Pattern-based detection - regex for connection strings (postgresql://, mongodb://), API keys (sk-..., Bearer ...), AWS credentials (AKIA...).
Configurable payload logging with toggle (includeResponseData: true/false) and size cap (maxDataSize: 4096).
Allowlist logging - only log fields explicitly approved. Strictest approach for high-compliance environments.
MCP Event Types - Beyond Tool Calls
| Event Type | When It Fires | Why Log It |
|---|---|---|
sse_connection |
SSE transport established | Detect unauthorized clients |
mcp_initialize |
Client initializes MCP connection | Session start anchor |
mcp_ping |
Health check pings | Usually excluded (noise) |
mcp_tool_call |
Tool invoked | Core audit event |
mcp_tools_list |
Agent lists available tools | Reconnaissance detection |
mcp_resource_read |
Agent reads a resource | Data access logging (HIPAA, GDPR) |
mcp_prompt_get |
Agent retrieves prompt template | Prompt injection surface |
vmcp_workflow_started |
Multi-step workflow begins | Workflow-level attribution |
vmcp_workflow_completed |
Workflow finishes | End-to-end latency tracking |
vmcp_workflow_failed |
Workflow fails | Immediate alert trigger |
Start with mcp_tool_call and vmcp_workflow_* events. Exclude mcp_ping by default.
Retention, Storage, and Tamper-Proofing
Hot storage: 7–90 days
Fast, queryable, expensive. Use Elasticsearch, ClickHouse, or your SIEM's hot tier.
Cold storage: 1–7 years
Cheap, durable, compliance-oriented. Use S3 with Object Lock (WORM), GCS retention policies, or Azure Immutable Blob Storage.
Tamper-proofing
PCI-DSS 4.0 Requirement 10 explicitly mandates tamper-evident log storage.
Options:
- Cloud WORM storage (S3 Object Lock, GCS retention) - simplest
- Cryptographic chaining - each log entry hashes the previous
- Dedicated audit log services - AWS CloudTrail, Azure Monitor Logs
Access control
- Read-only for security teams and auditors
- No modification rights for anyone
- Log access to the logs
Integration
- Fluent Bit - lightweight DaemonSet for Kubernetes
- Grafana Alloy - OpenTelemetry-based collector
- OpenTelemetry Collector - vendor-neutral
- SIEM tools (Splunk, Elastic SIEM, Microsoft Sentinel) for alerting
A Practical Checklist - Audit Logging Setup in 6 Steps
Step 1: Enable audit logging at the MCP gateway/proxy layer. Don't rely on individual MCP server implementations.

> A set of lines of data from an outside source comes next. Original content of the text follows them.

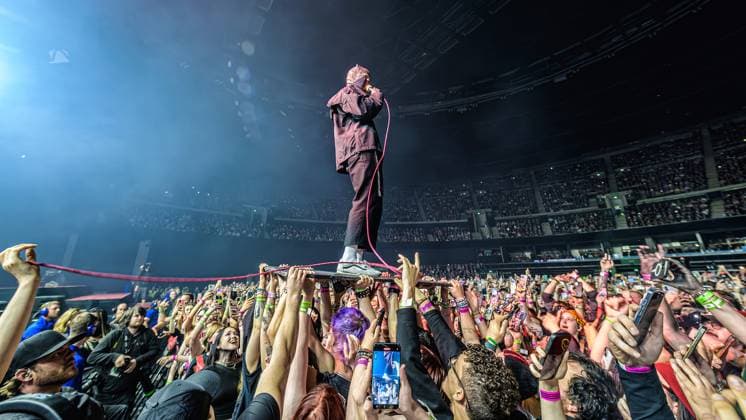 Entertainment Themen der Woche KW19 Entertainment Bilder des Tages May 5, 2025, Glasgow, United Kingdom: Tyler Joseph of Twenty One Pilots performs live on stage during a concert. Twenty One Pilots famous for their acrobatic live performances tour their latest album Clancy at Glasgow™s OVO Hydro. Glasgow United Kingdom - ZUMAs197 20250505_aaa_s197_247 Copyright: xStuartxWestwoodx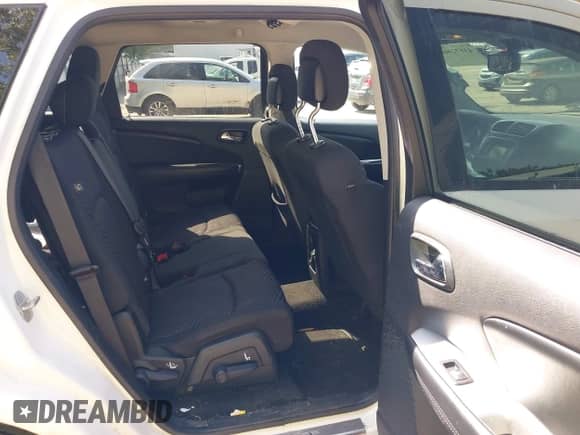 2016 Dodge Journey SE with VIN 3C4PDCAB2GT103518, listed as a IAAI auction lot 43172662 with 149,798 mi miles and . Bid and sale history available at DreamBid. Image 8.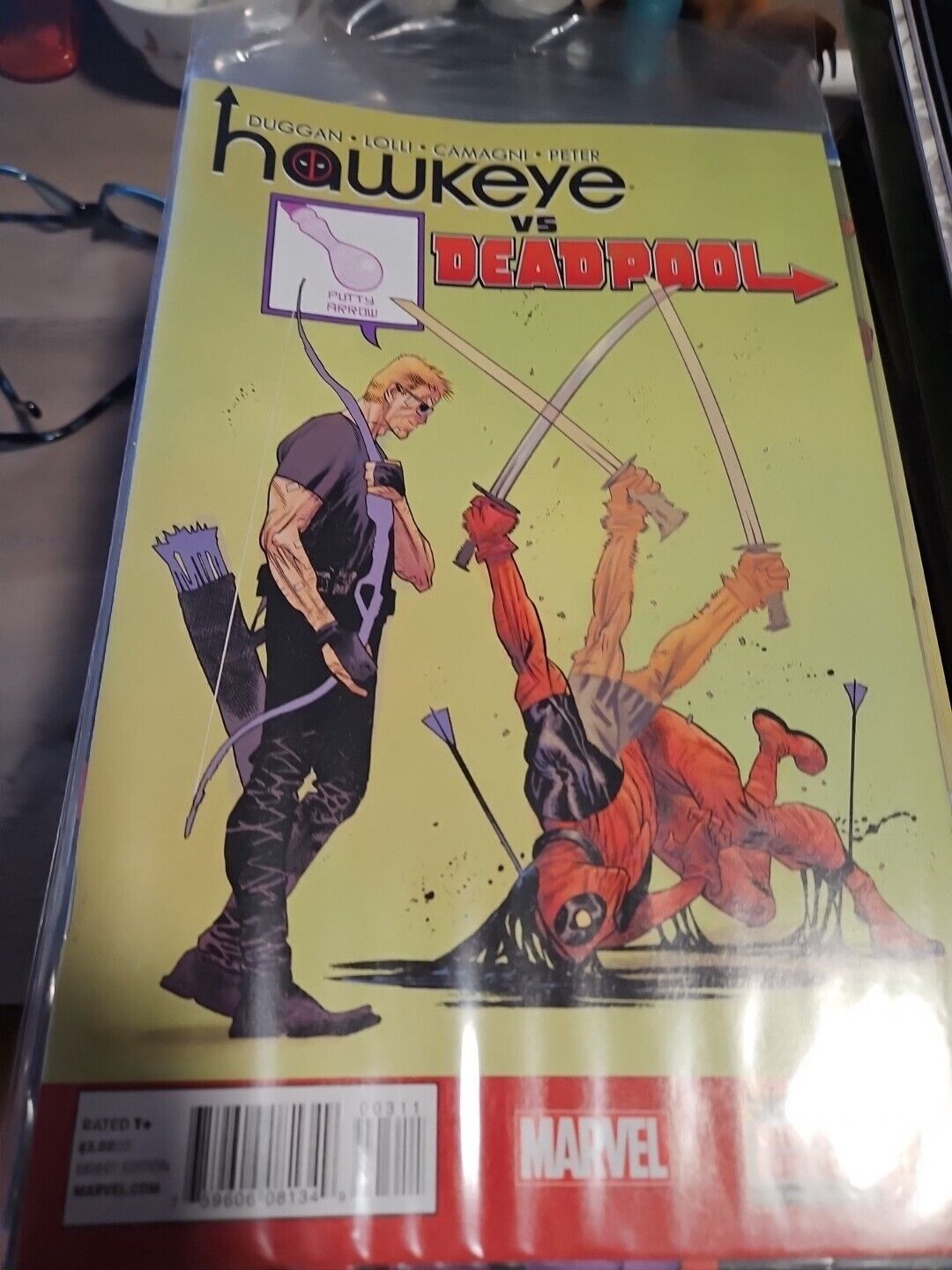 Hawkeye vs Deadpool #003  Marvel 2014
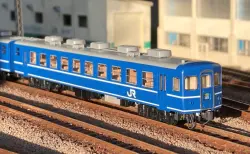 金の貨車・銀の貨車セット（ワム80000) が入線しました。 KATO 29-760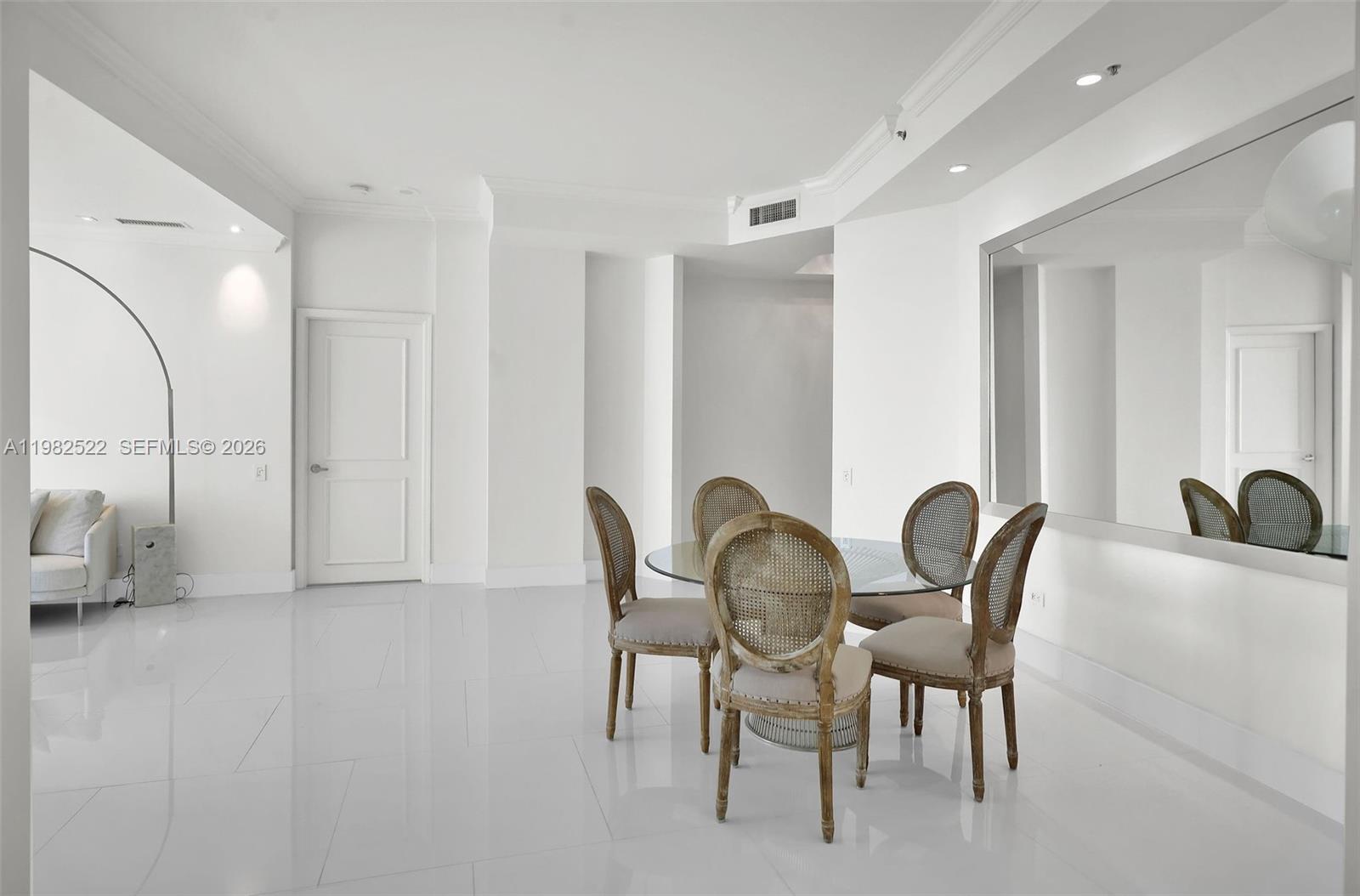 808 Brickell Key Dr #3702, Miami FL 33131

Step 2: Define your event type allowlist. Start with mcp_tool_call, mcp_initialize, vmcp_workflow_*. Exclude mcp_ping.
Step 3: Configure payload logging with redaction rules. Set includeRequestData: true, includeResponseData: false. Set maxDataSize: 4096.

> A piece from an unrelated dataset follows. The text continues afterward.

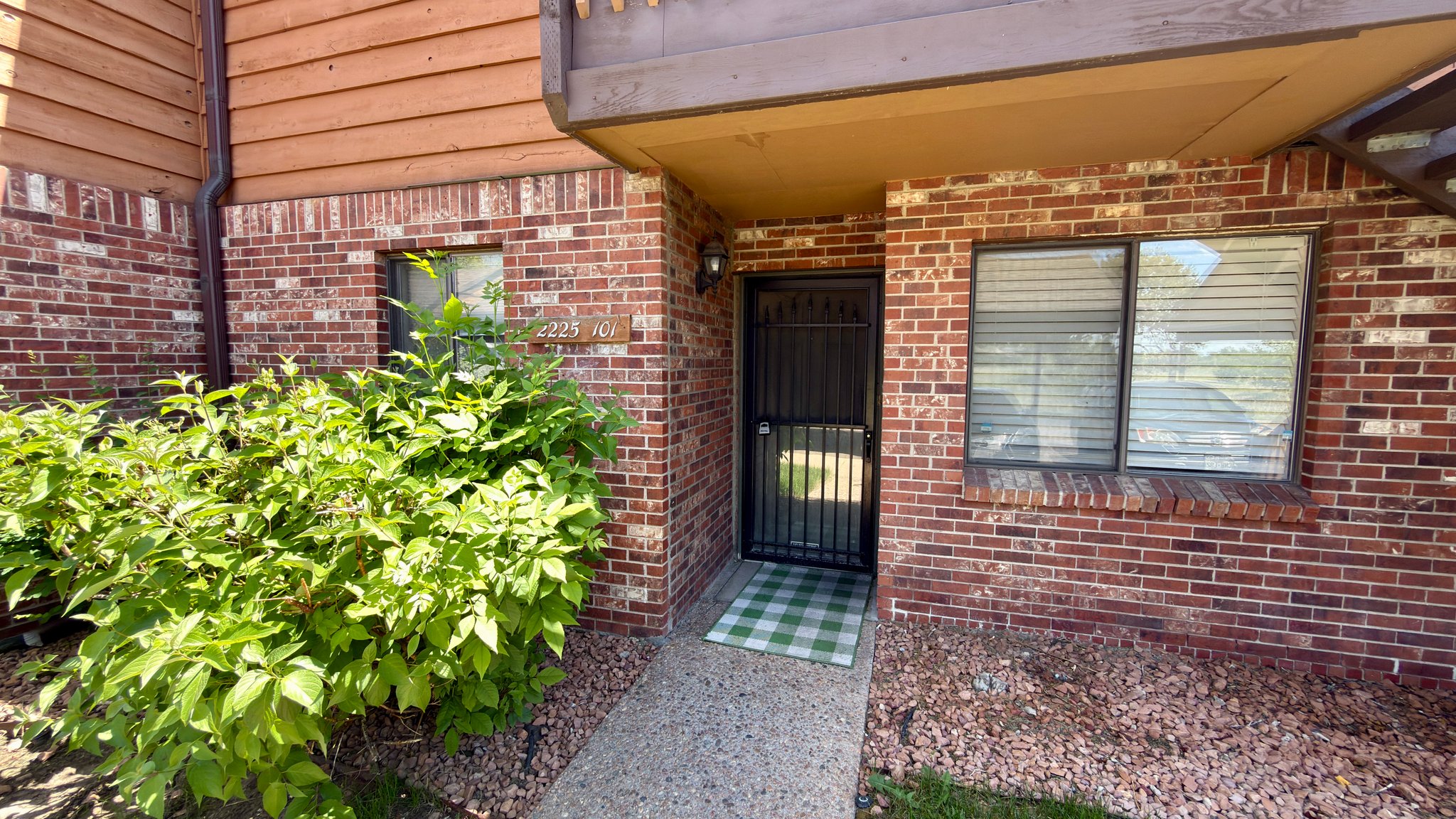 Aurora Condo: 2225 S. Buckley Rd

Step 4: Set up structured JSON output to stdout → pipe to log collector. Filter for "level": "AUDIT" or "msg": "audit_event".
Step 5: Define retention tiers and automated archival. 30–90 days hot, 1–7 years cold (S3 Object Lock).

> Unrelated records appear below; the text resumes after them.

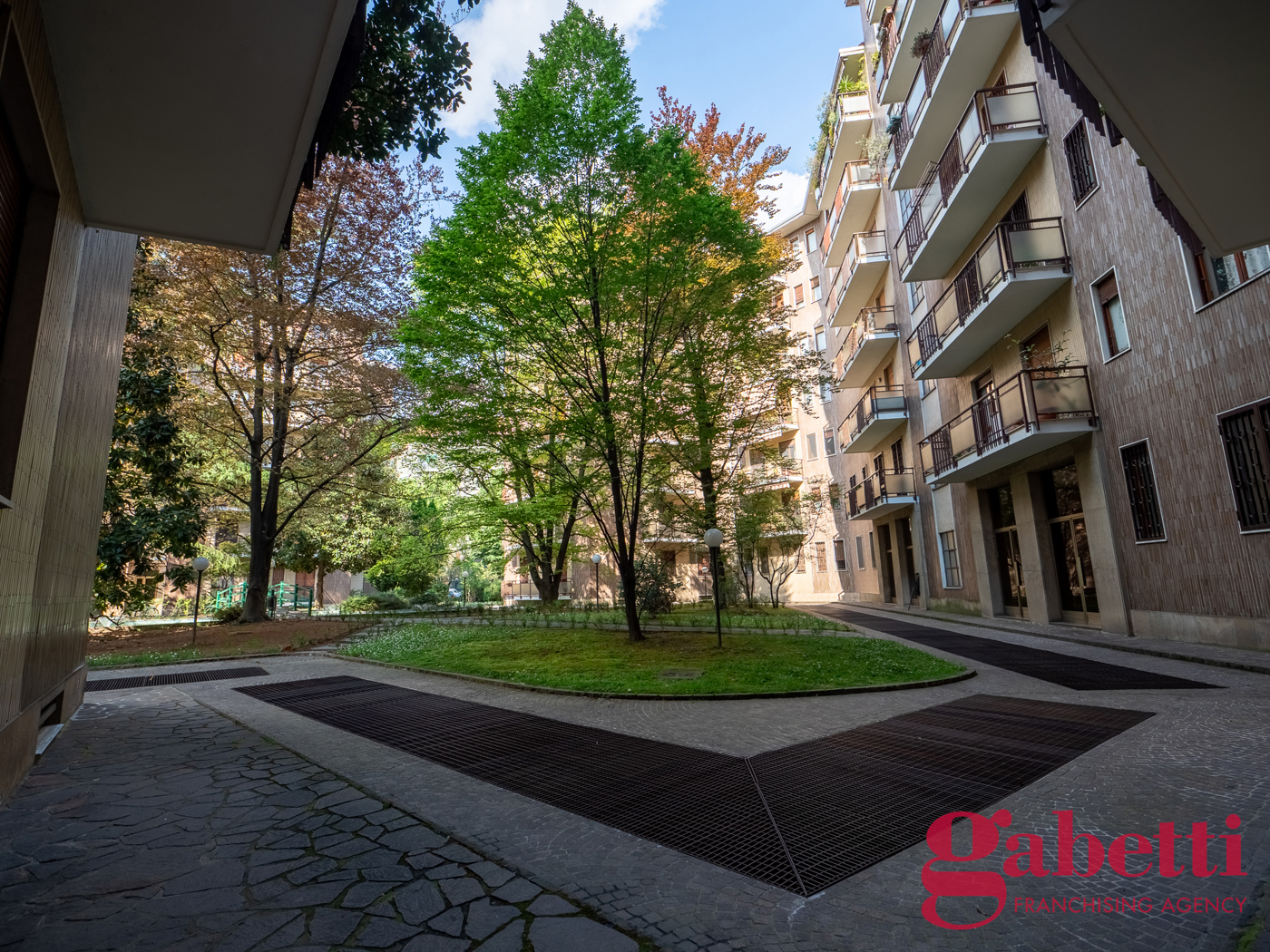 Box/Garage 14mq in vendita a Milano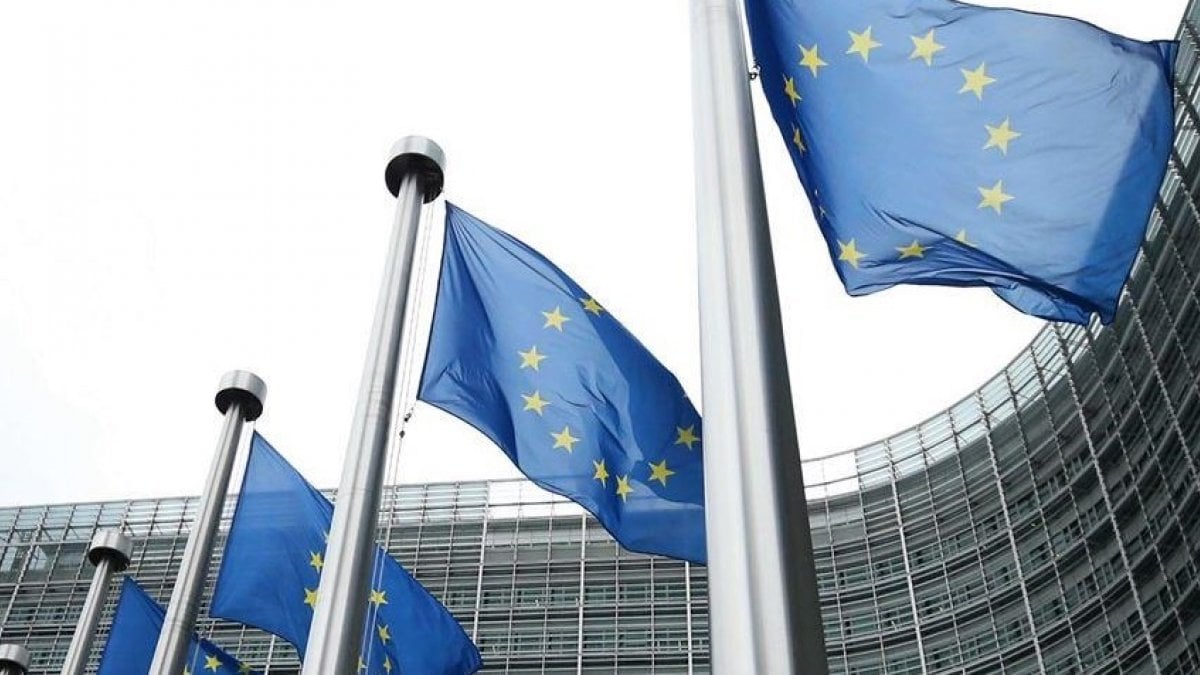 EU expands sanctions against Russia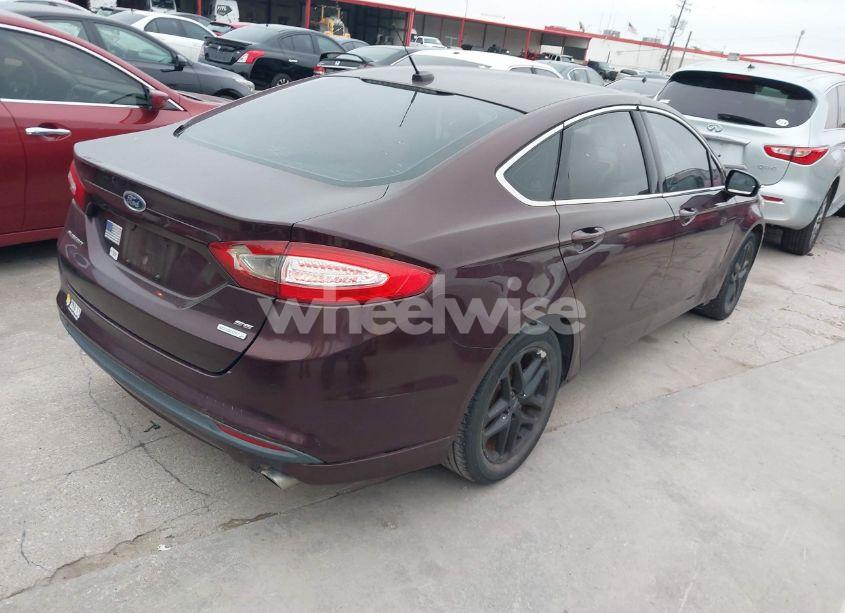 Photo 4 of 2013 Ford Fusion SE (VIN 3FA6P0HR8DR327380)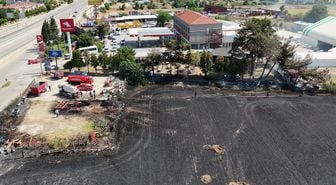 Buğday tarlasında çıkan yangın, akaryakıt istasyonuna sıçramadan söndürüldü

Step 6: Test with a simulated tool call and verify all 7 fields appear.
FAQ
What is MCP audit logging?
The practice of recording a structured, tamper-evident log entry for every operation performed by an MCP server - designed to satisfy compliance requirements (SOC 2, HIPAA, PCI-DSS) and support incident investigation.
What should every MCP tool invocation log capture?
Seven fields: timestamp (ISO 8601 UTC, ms precision), principal/identity, tool name + MCP server, input arguments (with sensitive fields redacted), output/result, outcome + execution duration, and trace/correlation ID.
Is MCP audit logging required for compliance?
Yes, if you're operating in a regulated environment. SOC 2 Type II requires user-attributed access logs. HIPAA §164.312(b) mandates audit controls. PCI-DSS 4.0 Req. 10 requires immutable logs. GDPR Art. 30 requires records of processing activities. (Our guide to compliance logging requirements covers HIPAA and GDPR for AI agents in depth.)
How do you prevent secrets from leaking into MCP audit logs?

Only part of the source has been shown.